> _RECORDS SHOWN_:
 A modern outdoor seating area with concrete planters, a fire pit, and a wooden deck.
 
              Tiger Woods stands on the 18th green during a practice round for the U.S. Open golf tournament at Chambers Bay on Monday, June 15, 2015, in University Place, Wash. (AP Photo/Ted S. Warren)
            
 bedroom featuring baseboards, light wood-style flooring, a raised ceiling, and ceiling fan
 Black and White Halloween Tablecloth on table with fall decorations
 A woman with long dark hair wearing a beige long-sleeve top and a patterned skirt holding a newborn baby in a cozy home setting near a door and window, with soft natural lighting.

--

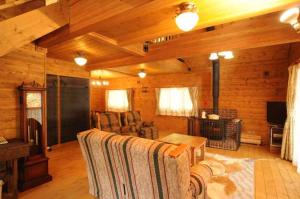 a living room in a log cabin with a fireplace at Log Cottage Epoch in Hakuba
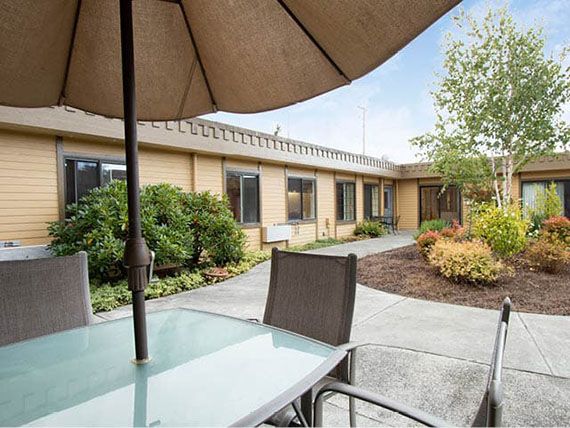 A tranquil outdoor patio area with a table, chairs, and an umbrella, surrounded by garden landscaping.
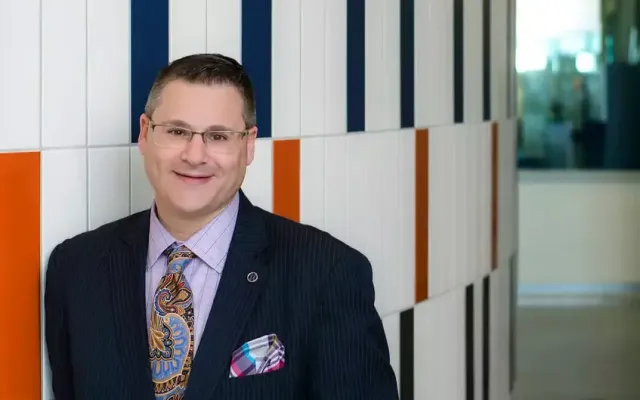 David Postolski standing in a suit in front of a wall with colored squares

---

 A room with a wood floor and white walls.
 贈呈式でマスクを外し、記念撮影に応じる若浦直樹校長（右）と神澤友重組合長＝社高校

> _THE PROBLEM_:
Above this task is a listing. Restate, word for word and with nothing added, the lines from the one with "A modern outdoor" through the one with "A woman with".

> _SOLUTION BELOW_:
 A modern outdoor seating area with concrete planters, a fire pit, and a wooden deck.
 
              Tiger Woods stands on the 18th green during a practice round for the U.S. Open golf tournament at Chambers Bay on Monday, June 15, 2015, in University Place, Wash. (AP Photo/Ted S. Warren)
            
 bedroom featuring baseboards, light wood-style flooring, a raised ceiling, and ceiling fan
 Black and White Halloween Tablecloth on table with fall decorations
 A woman with long dark hair wearing a beige long-sleeve top and a patterned skirt holding a newborn baby in a cozy home setting near a door and window, with soft natural lighting.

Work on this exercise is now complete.